RASS is the next step in helicopter firefighting technology.
A Force Multiplier for Fire Threatened Communities
In today’s common practice, when a pilot cannot find a water source, ground crew support becomes necessary. RASS allow helicopter pilots to access water independent of a support crew.
Each Heli-Hydrant System operates unmanned leaving ground crews to engage fire.
By integrating RASS technology into already existing municipal water systems, water system engineers are able to strategically place RASS units in the environment, providing helicopters with accessible Heli-Hydrant sites to access water in order to fight fires in wildland interface communities.
RASS Heli-Hydrant Systems stand by until needed.
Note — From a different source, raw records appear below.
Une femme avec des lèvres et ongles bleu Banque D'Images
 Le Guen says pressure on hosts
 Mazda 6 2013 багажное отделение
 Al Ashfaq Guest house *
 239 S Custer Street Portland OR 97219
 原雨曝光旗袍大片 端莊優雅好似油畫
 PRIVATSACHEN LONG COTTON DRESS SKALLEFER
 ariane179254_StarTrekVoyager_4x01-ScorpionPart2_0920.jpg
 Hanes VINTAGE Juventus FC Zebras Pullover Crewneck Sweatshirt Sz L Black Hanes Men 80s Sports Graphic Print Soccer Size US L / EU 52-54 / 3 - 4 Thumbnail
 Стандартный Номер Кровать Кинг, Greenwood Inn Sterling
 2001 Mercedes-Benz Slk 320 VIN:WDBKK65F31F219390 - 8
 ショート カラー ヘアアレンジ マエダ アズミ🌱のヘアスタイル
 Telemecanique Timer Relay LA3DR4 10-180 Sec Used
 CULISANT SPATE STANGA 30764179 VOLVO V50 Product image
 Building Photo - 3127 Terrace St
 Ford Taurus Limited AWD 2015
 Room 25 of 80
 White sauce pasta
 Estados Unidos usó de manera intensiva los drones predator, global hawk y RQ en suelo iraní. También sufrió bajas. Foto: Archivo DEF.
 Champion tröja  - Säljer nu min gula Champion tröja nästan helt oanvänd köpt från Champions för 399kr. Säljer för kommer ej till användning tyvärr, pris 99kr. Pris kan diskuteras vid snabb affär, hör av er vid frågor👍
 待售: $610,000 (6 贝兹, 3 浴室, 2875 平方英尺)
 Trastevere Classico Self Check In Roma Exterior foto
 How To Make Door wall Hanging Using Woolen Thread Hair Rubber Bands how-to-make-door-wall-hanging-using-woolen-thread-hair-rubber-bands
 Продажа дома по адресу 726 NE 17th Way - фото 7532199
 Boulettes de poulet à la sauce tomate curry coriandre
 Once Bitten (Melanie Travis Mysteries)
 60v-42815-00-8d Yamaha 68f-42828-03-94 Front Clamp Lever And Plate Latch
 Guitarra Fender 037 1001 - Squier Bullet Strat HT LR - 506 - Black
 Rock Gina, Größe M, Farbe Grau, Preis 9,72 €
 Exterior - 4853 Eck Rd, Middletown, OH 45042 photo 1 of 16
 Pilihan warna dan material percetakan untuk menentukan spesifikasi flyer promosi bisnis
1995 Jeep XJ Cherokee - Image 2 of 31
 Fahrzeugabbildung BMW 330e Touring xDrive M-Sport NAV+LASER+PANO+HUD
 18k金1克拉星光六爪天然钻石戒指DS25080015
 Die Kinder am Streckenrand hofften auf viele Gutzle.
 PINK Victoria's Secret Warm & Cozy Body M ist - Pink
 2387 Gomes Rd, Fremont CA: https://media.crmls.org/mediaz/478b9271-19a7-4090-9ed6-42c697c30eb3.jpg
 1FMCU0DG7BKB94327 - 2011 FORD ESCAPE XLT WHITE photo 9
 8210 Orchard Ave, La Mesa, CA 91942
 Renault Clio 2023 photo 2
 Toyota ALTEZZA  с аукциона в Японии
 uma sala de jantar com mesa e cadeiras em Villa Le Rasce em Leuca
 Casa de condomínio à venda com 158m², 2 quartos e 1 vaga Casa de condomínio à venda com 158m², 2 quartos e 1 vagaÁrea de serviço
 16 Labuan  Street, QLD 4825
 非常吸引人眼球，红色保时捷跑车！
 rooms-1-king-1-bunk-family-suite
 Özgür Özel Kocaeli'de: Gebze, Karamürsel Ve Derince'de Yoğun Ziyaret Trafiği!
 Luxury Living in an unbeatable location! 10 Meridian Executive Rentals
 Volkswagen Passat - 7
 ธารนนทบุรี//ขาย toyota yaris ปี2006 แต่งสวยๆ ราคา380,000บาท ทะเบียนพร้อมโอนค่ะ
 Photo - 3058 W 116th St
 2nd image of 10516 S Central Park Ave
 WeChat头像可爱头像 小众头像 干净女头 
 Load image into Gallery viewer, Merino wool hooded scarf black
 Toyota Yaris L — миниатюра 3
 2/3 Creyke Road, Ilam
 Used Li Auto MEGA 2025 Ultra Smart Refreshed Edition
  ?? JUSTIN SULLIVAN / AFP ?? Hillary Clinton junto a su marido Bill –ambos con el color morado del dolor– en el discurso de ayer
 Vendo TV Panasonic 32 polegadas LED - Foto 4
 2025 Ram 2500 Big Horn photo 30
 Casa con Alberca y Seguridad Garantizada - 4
During use, Heli-Hydrants provide snorkeling helicopters with a basin or dip tank to draw water from to aid in wildland fire suppression. When not in use, the Helicopters-Hydrant is dry.
Heli-Hydrant technology reduces costs; Helicopter fleet maintenance is reduced due to less rotor time, fire departments suppress fire sooner and keep fires smaller, communities benefit by paying for infrastructure that stays in their area providing water near local homes when needed.
Benefits of the RASS Heli-Hydrant System Technology
- Helicopter fleet maintenance is reduced due to less rotor time.
- Fire departments suppress fire sooner and keep fires smaller.
- RASS Heli-Hydrants stand by until needed. During use, Heli-Hydrants provide snorkeling helicopters with a basin/dip tank to draw water from to aid in wildland fire suppression.
- When not in use, the basin/tank is dry. For this reason, Heli-Hydrants are safer for wildlife and humans than traditional tanks.
- Dependent on terrain and/or community preference, options for RASS Heli-Hydrants are metal tanks or concrete basins in a variety of natural colors. Every RASS Heli-Hydrant features remotely activated, helicopter pilot controlled, radio signaled supply and trickle drain valves. Over all, loss of power has minimal effect on operations. Redundancy has been built into the system and includes; the municipal power supply, a rechargeable solar batteries, a solar power recharging system, manual option.
- Given the dynamic nature of fire, impacted communities need as many water source options as possible for helicopters to access. Strategically placed, Heli-Hydrants allow helicopters to snorkel water from more locations then are currently available.
- Cities can successfully magnify the water dropping capability of helicopters with RASS Heli-Hydrants.
The Remotely Activated Snorkel Site (RASS) system was first successfully tested on June 11 2018 in the city of Anaheim, California by the Anaheim Fire Department, Orange County Fire Authority (OCFA), and OC Parks when a pilot remotely turn on the water and fill the helicopter’s water tank from the air.